3.3 The Parties agree that the terms and conditions contained in this Agreement
shall prevail over any terms and conditions of any Purchase Order,
acknowledgment form or other instrument.
3.4 Each accepted Purchase Order constitutes: (i) a commitment by Flextronics
to manufacture the Products described in that Purchase Order; and (ii) an
authorization from the Customer to Flextronics to procure, using standard
purchasing practices, the Materials and labor necessary to manufacture the
Products covered by that Purchase Order.
3.5 In addition, Customer authorizes Flextronics to purchase, in amounts beyond
the amount necessary to fill accepted Purchase Orders, labor and Materials: (i)
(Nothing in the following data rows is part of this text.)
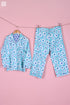 Cambric Cotton Long Pajama Set In Floral Block Print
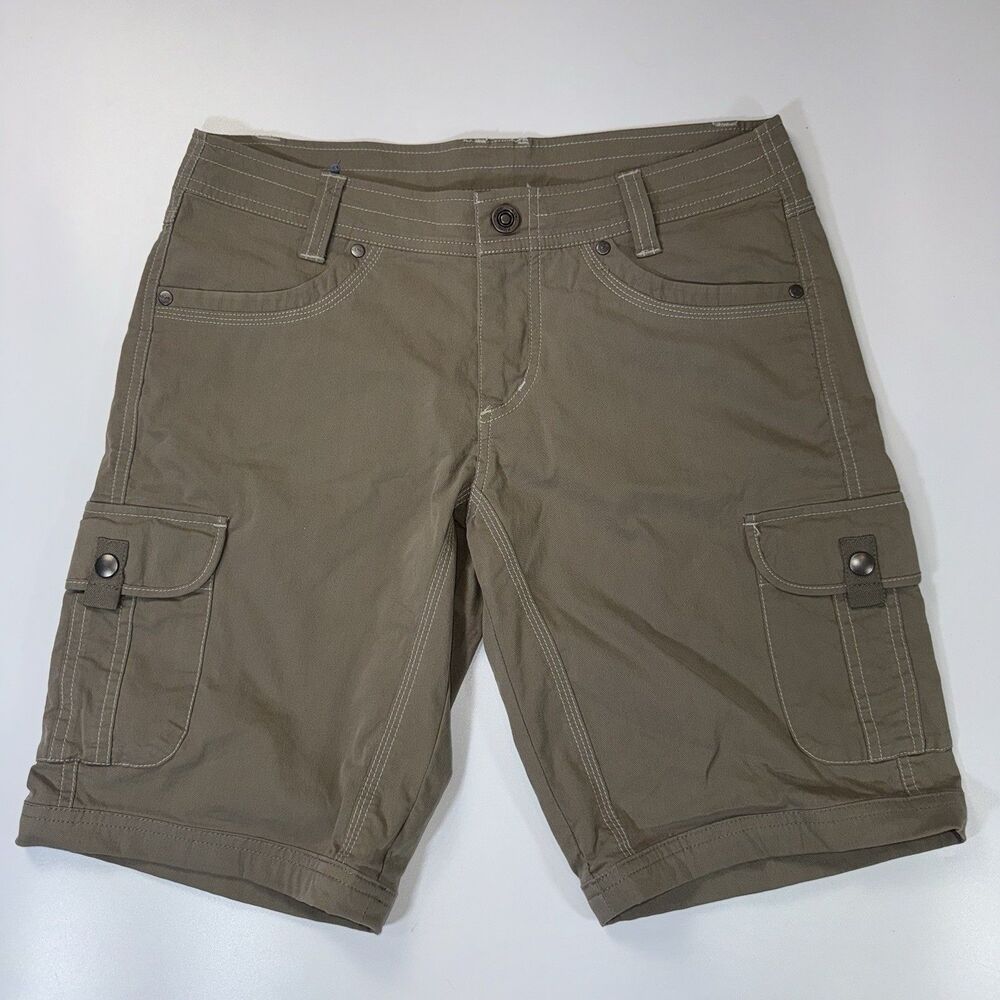Kuhl Cargo Shorts Women Size 6 Green Vintage Patina Dye Workwear Camp Hike Walk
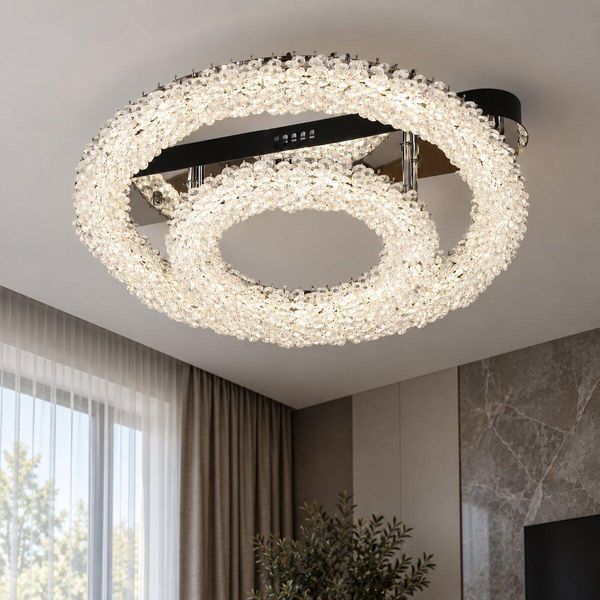 Потолочная LED люстра 140W VALESO с двумя хрустальными кольцами с пультом 3000&ndash;6500K хром 33047/300+500 SP000049458 фото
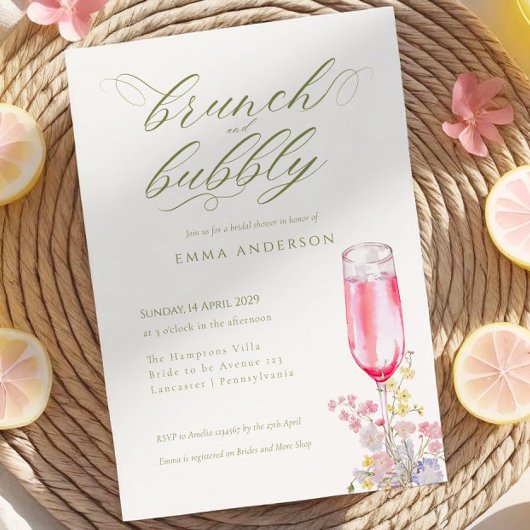 Invitation Elegant Calligraphy Brunch & Bubbly Bridal Shower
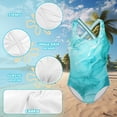 thumbnail image 6 of Uorisanigo Kids Swimsuits for Girls Teal Marble Print Crossback Straps Sport Summer Beach Swimwear One Piece Swimming Training Bathing Suit, Size 9-10, 6 of 7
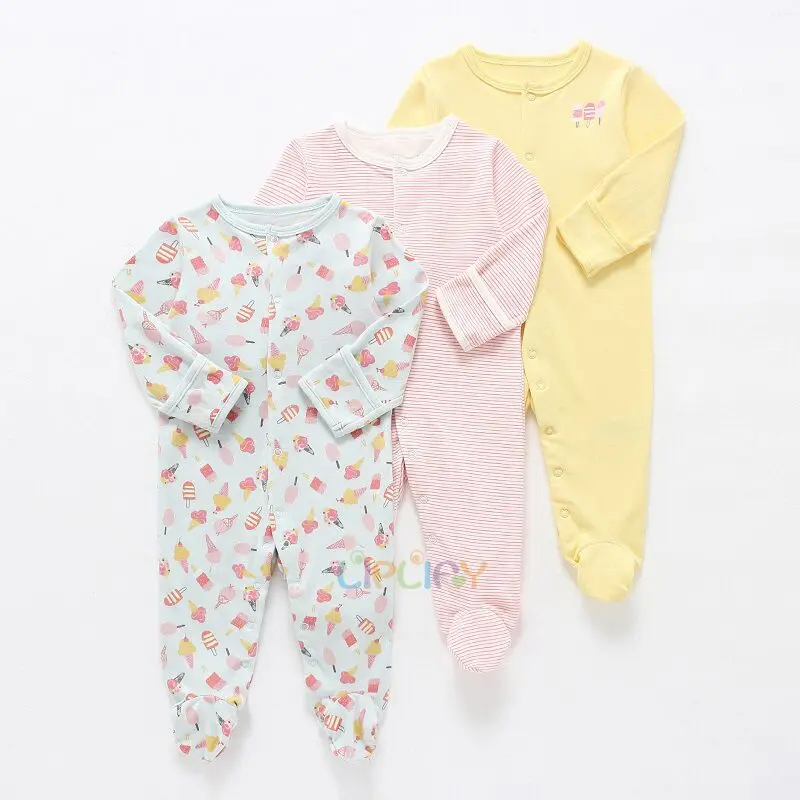 3Pcs/Pack Baby Cotton Clothes Set Newborn Rompers Infant Long Sleeve cartoon Jumpsuit Baby Boys Girls Sleepsuit 0-12Months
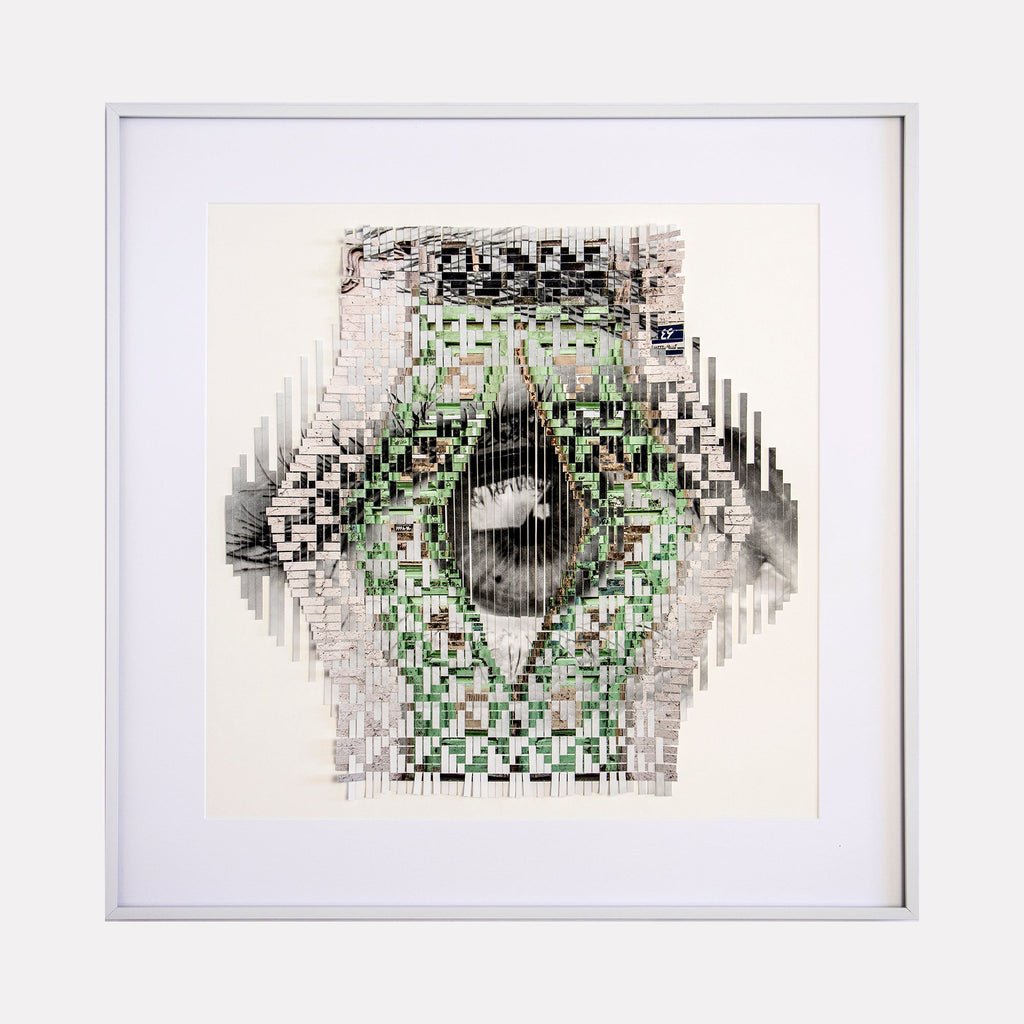 The artwork 'Deep Cuts' by Kiana Honarmand features a striking digital composition with pixelated elements in black, white, and green. The image shows a circular central form surrounded by geometric patterns that create a symmetrical, kaleidoscopic effect. Abstract vertical lines extend from both sides, creating a sound wave-like appearance against a clean white background, framed in simple white.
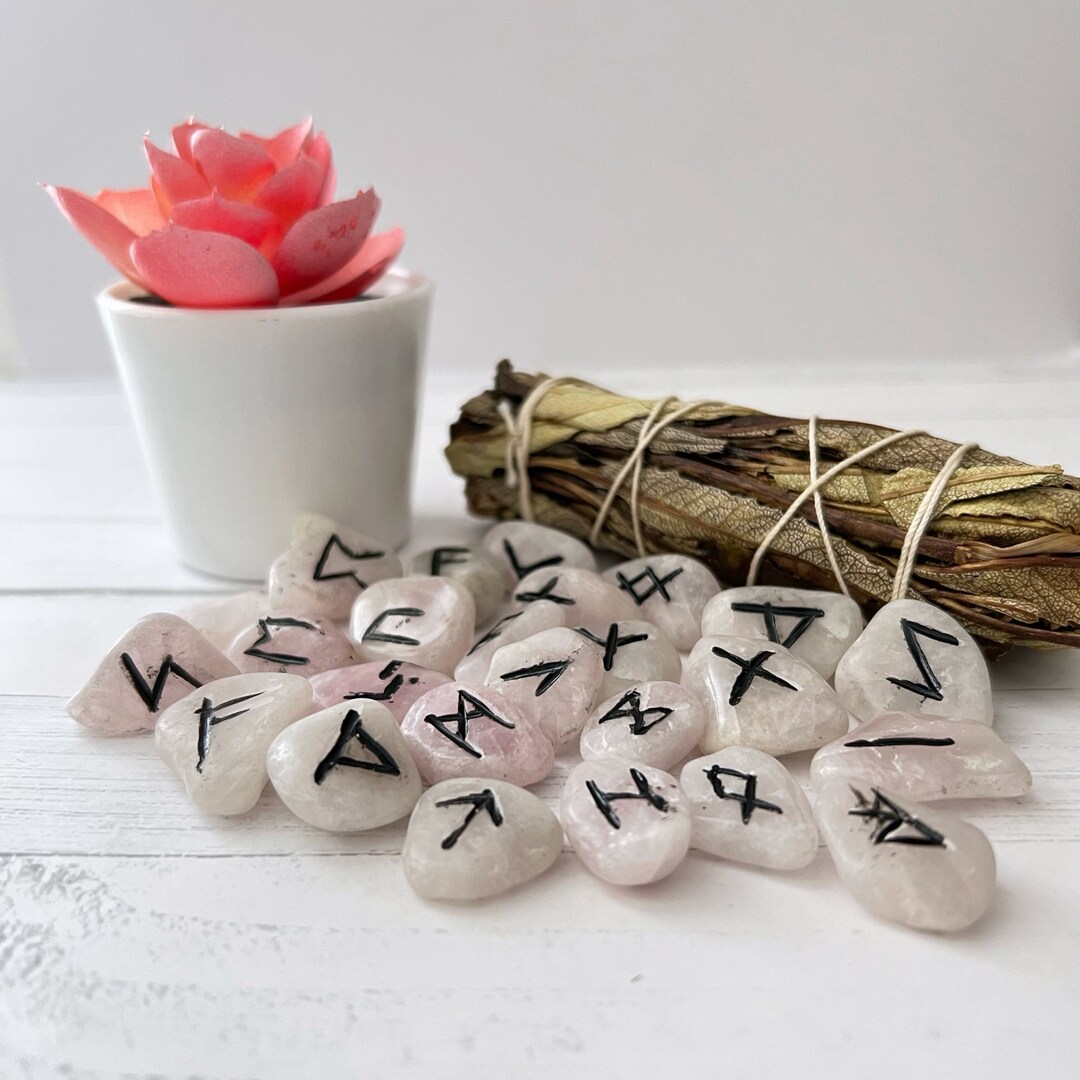 Lavender Quartz Runes Set of 25 Lavender Quartz Elder Futhark Runes ...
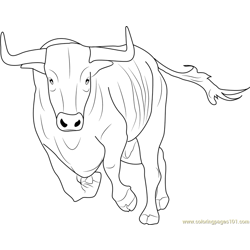 Bos taurus Free Coloring Page for Kids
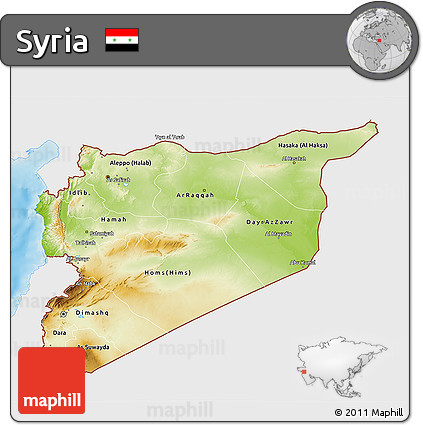 Physical 3D Map of Syria, single color outside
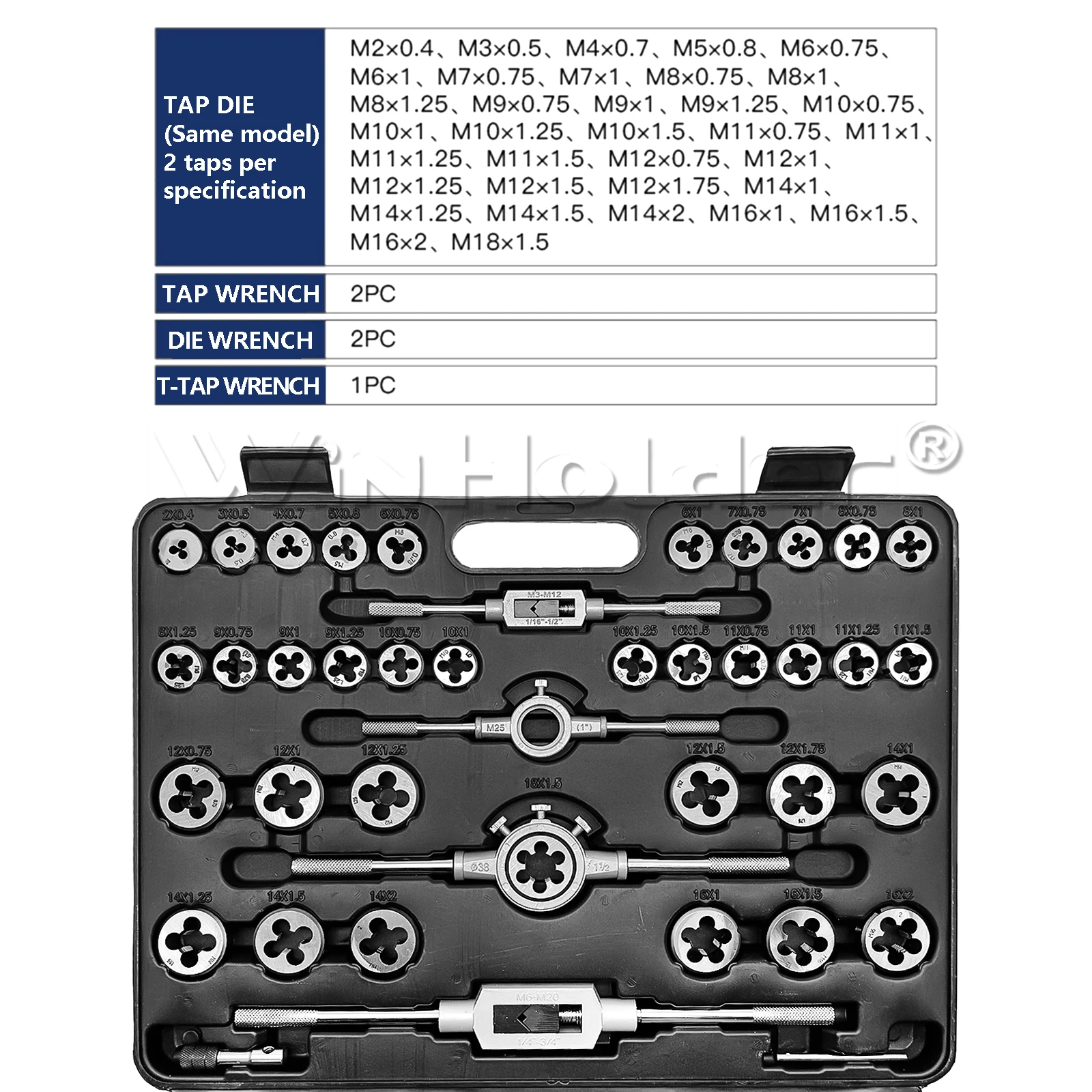 110PCS Metric Tap and Die Set M12 - M18 Bearing Steel Taps Die Wrench Tools Bearing Steel Threading Tool Car Garage Kits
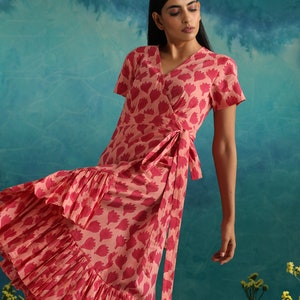 Tiered wrap dress in pink floral block print image 4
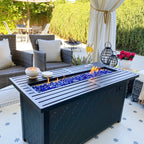 Ensemble de canapés d'extérieur en osier 8 pièces, grands ensembles de conversation avec table et foyer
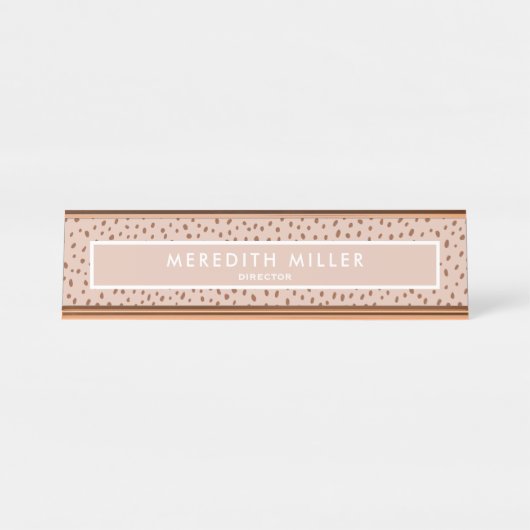 Trendy Beige Naam met Terracotta Boho Brown Bureau Naambordje (Voorkant)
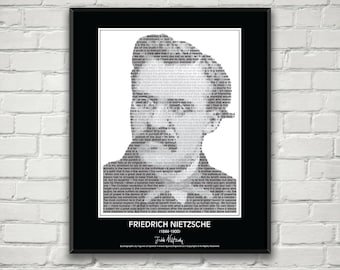 Nietzsche Quotes Poster- in his own words! Nietzsche Portrait made from more than 50 inspirational Nietzsche quotes! Wall Art Print Decor.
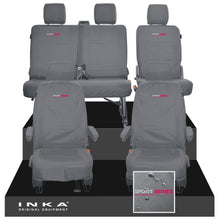 Load image into Gallery viewer, VW Transporter T6.1, T6, T5.1 Front 1+1 & Rear 2+1 Tailored Waterproof Seat Covers Grey MY 10-24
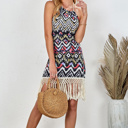  Aztec Halter Neck Sleeveless Tasseled Dress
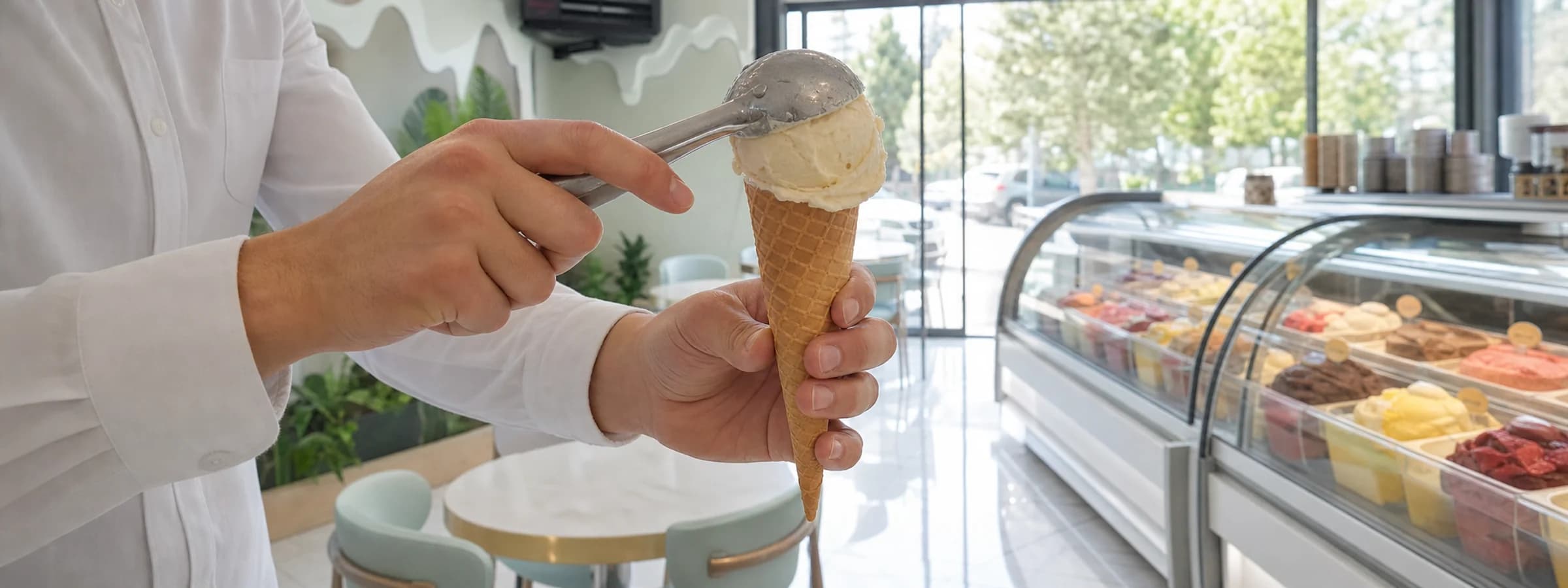 Dondurmanın özenle külaha servis edildiği an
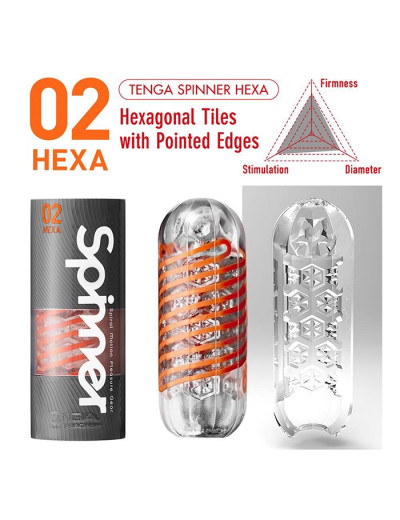 Мастурбатор Tenga Spinner Hexa оранжевый SPN-002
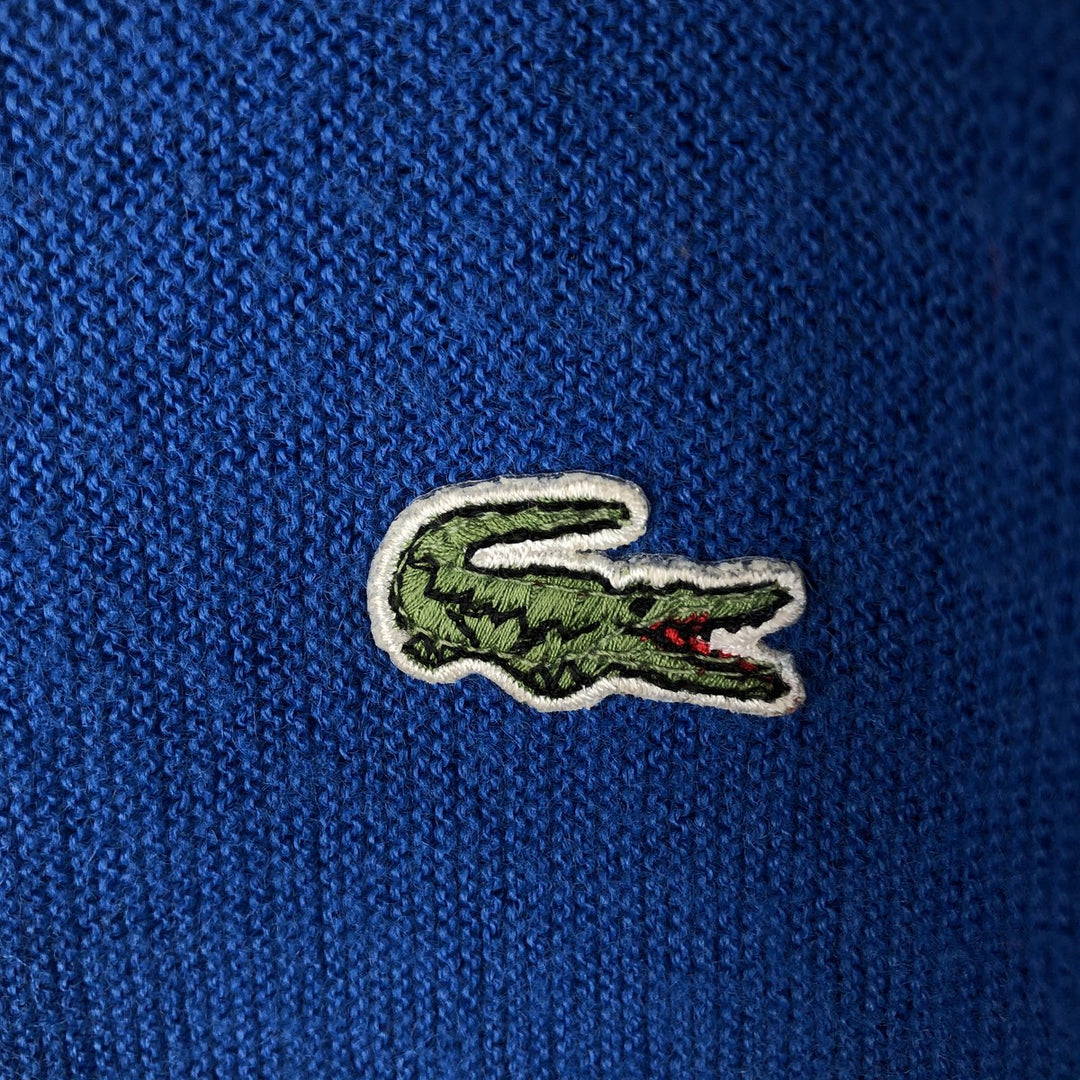 80'S Lacoste IZOD Acrylic Knit Cardigan Made in USA Men's M Size Vintage acrylic blue type Vintage Second Hand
with lead times greater than ninety (90) days at the time the Purchase Order is
placed ("Long Lead Time Components") plus 30 days to account for the order,
shipment, receipt and manufacturing time and, (ii) purchased in quantities
above the required amount for accepted Purchase Orders to achieve price targets
("Economic Order Inventory"), and (iii) purchased in excess of requirements for
accepted Purchase Orders because of minimum lot sizes available from
manufacturers ("Minimum Order Inventory"). Together these are called "Special
Inventory". Flextronics may purchase Long Lead Time Components sufficient to
meet all deliveries under the Purchase Orders and Product Forecast in effect at
the time the order with the supplier is placed, and may reasonably purchase
Minimum Order Inventory even if greater than the amount necessary to meet
Purchase Orders and Product Forecast. Economic Order Inventory shall be
purchased by Flextronics only with the prior approval of Customer. Flextronics
will, from time to time, hold Long Lead Time Components and finished Products in
inventory to increase Customer's sourcing flexibility. The components and
quantities of all such inventory will be documented in a separate letter and
signed by authorized representatives of both Flextronics and Customer.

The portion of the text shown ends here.